Amadeo Bordiga e le origini
del movimento comunista napoletano
Si presentano a Napoli, tra il 1911 e il 1915, acuite dal fatto che su di una superficie urbana ristretta il sottosviluppo si scontra con punte isolate di accelerazione industriale, talune delle contraddizioni e ineguaglianze tipiche del processo di accumulazione capitalistico nazionale. Il sorgere contemporaneo di ideologie «fasciste» e socialiste di sinistra in un quadro tanto poco omogeneo di forze sociali differenziate o naturalmente contrapposte è però una spia che può definire la fisionomia del capitalismo italiano in quel momento.

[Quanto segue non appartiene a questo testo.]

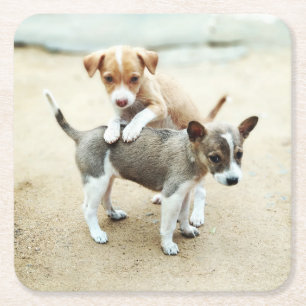 Adorable Puppies Playing on Beach Square Paper Coaster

E l'incubazione di tale crisi, che racchiude in sé il modello di organizzazione politica della lotta successiva, si colloca a ragione negli anni immediatamente precedenti l'entrata in guerra dell'Italia, «quando l'industria pesante, siderurgica e meccanica, minaccia la crisi per la carenza di commesse militari, e l'industria tessile, afflitta da problemi di sovrapproduzione, tenta, con l'ausilio dello Stato di praticare il dumping per la conquista di nuovi mercati» (1). La partecipazione alla guerra mondiale è quindi il tentativo del sistema economico italiano, quasi un punto di approdo obbligato, di adeguare le proprie risorse e i propri interessi oggettivi al ritmo di crescita materiale e alla logica dell'imperialismo mondiale; l'occasione per impadronirsi armata manu di più sicuri sbocchi commerciali e incentivare la produzione di quei settori che devono incessantemente ricostituire quanto la guerra consuma e distrugge.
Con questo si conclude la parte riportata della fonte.